• [Your assignment]: Output the line that contains "ਕੇਂਦਰ ਨੇ ਡੈਮ" and every line after it to the end of the entries, with nothing added or left out.

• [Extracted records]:
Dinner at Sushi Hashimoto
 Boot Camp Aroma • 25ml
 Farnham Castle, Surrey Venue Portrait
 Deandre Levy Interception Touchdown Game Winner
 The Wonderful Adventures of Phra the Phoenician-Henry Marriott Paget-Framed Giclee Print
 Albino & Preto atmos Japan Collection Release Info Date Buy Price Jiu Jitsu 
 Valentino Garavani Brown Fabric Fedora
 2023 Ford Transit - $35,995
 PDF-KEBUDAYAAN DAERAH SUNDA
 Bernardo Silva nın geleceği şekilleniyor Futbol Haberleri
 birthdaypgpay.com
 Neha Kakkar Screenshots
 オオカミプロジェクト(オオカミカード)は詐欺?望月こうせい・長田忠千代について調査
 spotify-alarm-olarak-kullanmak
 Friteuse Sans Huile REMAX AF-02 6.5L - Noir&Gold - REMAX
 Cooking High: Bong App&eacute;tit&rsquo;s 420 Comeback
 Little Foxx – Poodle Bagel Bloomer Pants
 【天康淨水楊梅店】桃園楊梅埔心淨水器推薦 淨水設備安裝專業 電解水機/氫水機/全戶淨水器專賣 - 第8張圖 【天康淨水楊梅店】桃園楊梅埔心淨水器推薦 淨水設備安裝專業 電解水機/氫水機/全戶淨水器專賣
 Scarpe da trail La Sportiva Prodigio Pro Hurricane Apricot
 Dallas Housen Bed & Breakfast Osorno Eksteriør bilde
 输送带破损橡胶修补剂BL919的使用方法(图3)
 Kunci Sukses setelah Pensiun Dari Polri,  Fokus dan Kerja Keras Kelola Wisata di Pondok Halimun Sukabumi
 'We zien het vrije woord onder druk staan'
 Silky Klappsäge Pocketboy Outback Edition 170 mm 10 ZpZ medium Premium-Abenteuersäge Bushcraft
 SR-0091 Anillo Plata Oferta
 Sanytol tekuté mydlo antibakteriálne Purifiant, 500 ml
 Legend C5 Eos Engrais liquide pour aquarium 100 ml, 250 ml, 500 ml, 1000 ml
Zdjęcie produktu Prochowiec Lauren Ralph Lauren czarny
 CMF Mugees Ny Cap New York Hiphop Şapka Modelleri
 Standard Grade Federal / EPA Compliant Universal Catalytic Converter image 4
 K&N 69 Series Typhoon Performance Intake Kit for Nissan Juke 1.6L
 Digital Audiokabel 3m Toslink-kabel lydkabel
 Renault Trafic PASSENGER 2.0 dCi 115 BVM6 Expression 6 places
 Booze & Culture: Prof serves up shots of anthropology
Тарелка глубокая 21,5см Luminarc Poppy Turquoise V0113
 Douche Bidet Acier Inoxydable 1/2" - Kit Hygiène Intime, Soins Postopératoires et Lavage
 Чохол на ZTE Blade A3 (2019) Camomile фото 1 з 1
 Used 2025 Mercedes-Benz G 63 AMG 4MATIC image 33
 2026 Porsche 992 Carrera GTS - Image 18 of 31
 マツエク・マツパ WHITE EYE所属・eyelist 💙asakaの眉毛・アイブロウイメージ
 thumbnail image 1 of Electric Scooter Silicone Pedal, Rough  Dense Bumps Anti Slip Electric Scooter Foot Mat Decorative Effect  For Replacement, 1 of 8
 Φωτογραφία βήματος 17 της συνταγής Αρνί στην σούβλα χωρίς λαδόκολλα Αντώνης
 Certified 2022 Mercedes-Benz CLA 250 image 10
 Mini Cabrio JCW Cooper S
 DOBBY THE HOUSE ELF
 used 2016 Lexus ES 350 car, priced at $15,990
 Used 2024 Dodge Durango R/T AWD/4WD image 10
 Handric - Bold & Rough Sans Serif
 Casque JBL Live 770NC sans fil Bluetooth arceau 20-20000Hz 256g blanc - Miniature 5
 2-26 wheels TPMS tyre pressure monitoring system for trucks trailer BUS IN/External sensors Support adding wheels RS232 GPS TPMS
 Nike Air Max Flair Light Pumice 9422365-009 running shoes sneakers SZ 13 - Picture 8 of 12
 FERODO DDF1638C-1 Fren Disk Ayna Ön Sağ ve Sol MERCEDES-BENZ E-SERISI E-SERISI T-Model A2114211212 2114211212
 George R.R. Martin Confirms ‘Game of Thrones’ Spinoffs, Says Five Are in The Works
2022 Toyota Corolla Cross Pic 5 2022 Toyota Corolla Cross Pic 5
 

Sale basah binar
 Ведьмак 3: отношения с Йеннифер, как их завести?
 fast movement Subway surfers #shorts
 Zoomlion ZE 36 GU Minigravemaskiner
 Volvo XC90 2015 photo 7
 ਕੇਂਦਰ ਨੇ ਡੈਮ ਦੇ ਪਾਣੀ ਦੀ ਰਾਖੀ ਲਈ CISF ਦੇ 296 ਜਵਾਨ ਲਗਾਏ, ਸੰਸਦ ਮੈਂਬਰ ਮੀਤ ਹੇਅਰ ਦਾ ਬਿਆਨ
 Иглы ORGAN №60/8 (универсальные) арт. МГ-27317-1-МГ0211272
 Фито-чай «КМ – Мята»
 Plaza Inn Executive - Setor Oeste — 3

• [Solution below]:
 ਕੇਂਦਰ ਨੇ ਡੈਮ ਦੇ ਪਾਣੀ ਦੀ ਰਾਖੀ ਲਈ CISF ਦੇ 296 ਜਵਾਨ ਲਗਾਏ, ਸੰਸਦ ਮੈਂਬਰ ਮੀਤ ਹੇਅਰ ਦਾ ਬਿਆਨ
 Иглы ORGAN №60/8 (универсальные) арт. МГ-27317-1-МГ0211272
 Фито-чай «КМ – Мята»
 Plaza Inn Executive - Setor Oeste — 3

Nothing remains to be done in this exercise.